Mr Fitzgibbon's call for clarification arrives as a second major Hunter Valley wine producer, McWilliam's Mount Pleasant, has joined Tyrrell's Wines in writing off the 2020 vintage.
In an email issued to his wine club members, Mount Pleasant chief winemaker-manager Adrian Sparks said it had been decided not to pick any grapes for Vintage 2020.
He said the decision was made after laboratory and sensory analysis of the estate, Rosehill and Lovedale vineyards and third-party testing.
"This painstaking choice was not made lightly," said Mr Sparks. "We have nearly a century of history at Mount Pleasant and vines almost 140 years old, and with this comes the responsibility to ensure that we uphold the highest integrity when making wine for you. We will not compromise on quality or take any unnecessary risks when it comes to this."
Mr Sparks said grape tests have been carried out across the whole of the Hunter and he was unsure how other producers have been affected.

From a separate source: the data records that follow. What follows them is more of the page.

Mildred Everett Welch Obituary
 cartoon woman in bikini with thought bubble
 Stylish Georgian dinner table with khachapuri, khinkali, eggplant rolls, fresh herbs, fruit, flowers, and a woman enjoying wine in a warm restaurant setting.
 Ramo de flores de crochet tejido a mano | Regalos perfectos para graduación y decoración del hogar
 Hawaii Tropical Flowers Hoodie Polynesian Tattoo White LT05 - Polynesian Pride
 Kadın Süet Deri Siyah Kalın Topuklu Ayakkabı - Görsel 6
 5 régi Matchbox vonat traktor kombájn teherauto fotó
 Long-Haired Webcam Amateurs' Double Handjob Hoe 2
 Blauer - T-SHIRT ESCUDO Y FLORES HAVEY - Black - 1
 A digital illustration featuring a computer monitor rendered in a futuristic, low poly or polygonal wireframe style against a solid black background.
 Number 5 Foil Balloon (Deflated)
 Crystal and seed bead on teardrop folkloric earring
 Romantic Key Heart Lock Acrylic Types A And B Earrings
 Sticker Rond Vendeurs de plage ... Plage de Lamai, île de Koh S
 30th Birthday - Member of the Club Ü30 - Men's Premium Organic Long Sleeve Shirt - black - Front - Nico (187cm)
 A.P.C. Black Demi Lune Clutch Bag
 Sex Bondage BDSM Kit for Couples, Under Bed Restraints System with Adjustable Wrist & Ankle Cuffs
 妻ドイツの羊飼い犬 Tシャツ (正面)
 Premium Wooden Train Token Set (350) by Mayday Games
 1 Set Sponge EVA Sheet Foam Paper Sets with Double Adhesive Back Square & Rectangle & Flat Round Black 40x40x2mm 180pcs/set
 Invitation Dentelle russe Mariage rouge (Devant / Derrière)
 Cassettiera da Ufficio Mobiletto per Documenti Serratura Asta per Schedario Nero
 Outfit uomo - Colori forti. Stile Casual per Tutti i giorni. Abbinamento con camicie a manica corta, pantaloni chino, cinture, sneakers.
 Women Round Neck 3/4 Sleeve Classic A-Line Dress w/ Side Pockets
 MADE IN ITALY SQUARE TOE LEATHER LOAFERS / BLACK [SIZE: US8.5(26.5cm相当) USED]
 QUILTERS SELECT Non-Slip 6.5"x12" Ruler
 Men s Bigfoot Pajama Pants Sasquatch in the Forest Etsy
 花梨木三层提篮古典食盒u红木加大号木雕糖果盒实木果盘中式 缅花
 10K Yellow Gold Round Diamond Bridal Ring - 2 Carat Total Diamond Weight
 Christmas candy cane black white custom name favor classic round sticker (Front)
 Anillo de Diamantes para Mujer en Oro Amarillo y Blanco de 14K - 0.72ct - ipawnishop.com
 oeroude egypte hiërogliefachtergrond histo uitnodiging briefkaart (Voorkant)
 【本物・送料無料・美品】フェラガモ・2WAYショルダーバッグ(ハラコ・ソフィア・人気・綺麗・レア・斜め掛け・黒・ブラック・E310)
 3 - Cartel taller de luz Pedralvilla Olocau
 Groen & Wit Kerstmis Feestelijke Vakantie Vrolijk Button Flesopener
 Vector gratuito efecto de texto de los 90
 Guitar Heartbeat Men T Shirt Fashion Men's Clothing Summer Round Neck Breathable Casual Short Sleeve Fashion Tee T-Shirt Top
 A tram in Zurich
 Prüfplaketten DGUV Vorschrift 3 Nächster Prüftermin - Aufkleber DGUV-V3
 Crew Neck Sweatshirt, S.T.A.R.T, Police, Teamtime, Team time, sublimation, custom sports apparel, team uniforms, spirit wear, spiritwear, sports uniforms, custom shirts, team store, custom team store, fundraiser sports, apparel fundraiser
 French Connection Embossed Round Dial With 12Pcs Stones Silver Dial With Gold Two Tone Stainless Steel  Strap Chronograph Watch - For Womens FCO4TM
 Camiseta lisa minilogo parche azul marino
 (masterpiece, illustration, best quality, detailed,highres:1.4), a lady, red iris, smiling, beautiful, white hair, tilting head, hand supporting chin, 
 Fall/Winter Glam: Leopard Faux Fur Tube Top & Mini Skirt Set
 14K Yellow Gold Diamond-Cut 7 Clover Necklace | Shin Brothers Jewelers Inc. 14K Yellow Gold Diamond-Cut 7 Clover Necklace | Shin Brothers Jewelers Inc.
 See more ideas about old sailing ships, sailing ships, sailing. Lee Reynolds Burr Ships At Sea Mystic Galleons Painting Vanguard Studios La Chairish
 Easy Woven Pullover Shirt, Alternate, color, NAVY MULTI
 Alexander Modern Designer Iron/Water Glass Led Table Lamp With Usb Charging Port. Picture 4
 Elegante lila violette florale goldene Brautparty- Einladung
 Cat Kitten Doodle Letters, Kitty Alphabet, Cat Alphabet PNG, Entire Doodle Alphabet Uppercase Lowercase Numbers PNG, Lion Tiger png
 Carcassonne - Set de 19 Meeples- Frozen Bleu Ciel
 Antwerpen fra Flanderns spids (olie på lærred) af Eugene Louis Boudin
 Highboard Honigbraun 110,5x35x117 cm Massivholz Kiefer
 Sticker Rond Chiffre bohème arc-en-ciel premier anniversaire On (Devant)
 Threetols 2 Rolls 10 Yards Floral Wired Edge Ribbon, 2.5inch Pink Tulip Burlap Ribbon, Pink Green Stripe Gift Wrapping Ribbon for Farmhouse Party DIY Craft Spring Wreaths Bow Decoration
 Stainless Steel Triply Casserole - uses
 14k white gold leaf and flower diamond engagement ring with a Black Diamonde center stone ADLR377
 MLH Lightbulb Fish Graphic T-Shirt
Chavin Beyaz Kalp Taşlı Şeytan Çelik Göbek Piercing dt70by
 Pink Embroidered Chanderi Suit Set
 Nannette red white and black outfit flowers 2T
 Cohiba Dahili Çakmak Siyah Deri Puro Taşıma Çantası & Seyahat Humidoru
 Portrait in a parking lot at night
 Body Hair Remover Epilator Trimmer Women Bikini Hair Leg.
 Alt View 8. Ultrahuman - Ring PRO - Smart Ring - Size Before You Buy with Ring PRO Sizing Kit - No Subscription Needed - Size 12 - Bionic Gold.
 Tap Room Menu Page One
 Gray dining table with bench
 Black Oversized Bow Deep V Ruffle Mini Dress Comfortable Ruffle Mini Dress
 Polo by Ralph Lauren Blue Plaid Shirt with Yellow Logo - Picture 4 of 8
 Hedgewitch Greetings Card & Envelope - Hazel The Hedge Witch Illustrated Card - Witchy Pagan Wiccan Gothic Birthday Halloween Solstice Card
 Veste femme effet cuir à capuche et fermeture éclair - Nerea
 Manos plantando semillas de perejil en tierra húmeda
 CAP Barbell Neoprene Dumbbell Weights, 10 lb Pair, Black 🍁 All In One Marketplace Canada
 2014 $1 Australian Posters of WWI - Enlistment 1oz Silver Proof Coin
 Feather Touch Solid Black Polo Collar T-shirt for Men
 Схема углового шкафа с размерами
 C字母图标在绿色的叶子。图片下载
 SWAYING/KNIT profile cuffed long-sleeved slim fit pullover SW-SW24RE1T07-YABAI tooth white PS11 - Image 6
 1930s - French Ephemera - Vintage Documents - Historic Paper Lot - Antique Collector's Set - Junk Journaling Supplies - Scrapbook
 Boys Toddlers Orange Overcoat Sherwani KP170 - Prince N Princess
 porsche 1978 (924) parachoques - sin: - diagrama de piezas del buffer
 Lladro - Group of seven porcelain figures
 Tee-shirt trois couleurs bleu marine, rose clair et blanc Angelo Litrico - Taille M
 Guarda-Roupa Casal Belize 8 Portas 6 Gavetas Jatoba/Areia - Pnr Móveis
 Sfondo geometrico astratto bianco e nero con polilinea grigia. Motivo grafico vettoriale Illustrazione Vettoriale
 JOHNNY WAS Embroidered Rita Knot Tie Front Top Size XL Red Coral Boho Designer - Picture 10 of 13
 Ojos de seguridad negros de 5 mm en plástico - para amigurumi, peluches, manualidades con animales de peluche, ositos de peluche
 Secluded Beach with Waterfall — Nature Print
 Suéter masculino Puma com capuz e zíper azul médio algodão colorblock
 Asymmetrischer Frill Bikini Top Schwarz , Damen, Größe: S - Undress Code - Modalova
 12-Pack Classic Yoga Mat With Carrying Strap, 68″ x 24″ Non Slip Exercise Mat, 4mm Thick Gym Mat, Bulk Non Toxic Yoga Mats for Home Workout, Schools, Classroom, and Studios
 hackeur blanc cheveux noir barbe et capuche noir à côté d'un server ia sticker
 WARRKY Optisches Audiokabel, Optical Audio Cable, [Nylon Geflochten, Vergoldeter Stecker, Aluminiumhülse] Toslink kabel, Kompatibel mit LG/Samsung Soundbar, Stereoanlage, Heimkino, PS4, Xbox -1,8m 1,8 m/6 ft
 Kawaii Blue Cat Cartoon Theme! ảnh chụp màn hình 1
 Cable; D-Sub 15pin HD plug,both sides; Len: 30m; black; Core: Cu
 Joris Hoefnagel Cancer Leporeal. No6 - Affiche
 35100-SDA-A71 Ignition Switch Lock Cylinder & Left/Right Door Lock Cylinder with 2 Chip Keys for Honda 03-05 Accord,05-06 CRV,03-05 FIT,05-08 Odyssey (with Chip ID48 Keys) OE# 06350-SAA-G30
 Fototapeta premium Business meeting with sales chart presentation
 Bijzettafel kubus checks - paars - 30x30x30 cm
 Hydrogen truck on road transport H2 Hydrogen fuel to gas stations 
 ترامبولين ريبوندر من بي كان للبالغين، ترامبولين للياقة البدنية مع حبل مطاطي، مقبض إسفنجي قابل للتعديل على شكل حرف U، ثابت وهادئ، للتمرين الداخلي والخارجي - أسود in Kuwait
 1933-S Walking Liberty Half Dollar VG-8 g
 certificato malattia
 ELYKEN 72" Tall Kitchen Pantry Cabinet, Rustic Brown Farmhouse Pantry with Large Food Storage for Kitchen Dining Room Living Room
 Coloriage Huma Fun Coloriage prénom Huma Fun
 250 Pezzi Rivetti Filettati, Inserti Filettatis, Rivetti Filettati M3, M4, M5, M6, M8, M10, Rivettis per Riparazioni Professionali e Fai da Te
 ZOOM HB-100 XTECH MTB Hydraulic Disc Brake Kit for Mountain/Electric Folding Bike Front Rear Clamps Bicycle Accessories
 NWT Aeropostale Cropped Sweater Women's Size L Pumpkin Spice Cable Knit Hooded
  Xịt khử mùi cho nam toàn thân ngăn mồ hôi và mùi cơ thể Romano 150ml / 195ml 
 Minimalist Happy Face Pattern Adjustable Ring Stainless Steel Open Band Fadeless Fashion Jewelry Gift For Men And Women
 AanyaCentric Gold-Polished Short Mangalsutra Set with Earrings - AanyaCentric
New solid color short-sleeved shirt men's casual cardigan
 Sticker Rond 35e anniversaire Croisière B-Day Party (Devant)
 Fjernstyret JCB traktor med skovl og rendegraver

"There are likely scenarios where there are clean grapes in other pockets of the region," he said. "We are therefore hopeful that other vineyards have been more fortunate and have not seen the levels of smoke exposure our vineyards have."
Tyrrell's decided last week that most of its vineyards would not be harvested for wine production and it would have a severely reduced 2020 vintage.
Mr Sparks said many parts of Australia had been gripped by the worst bushfires in living memory, with people losing their homes, their livelihoods and worse still, the loss of life. Constant exposure to smoke could result in vines absorbing taint compounds in the sugar molecules, giving grapes and the wines produced burnt, smoky, medicinal or "dirty ash tray" characters.
Mount Pleasant had sent many samples off for testing with Australian Wine Research Institute (AWRI) and Vintessential Laboratories.
With the help of LaTrobe University, it had also installed measurement devices in the prized Lovedale vineyard and had been conducting micro-ferments in the Pokolbin winery laboratory to detect taint in the fruit before picking.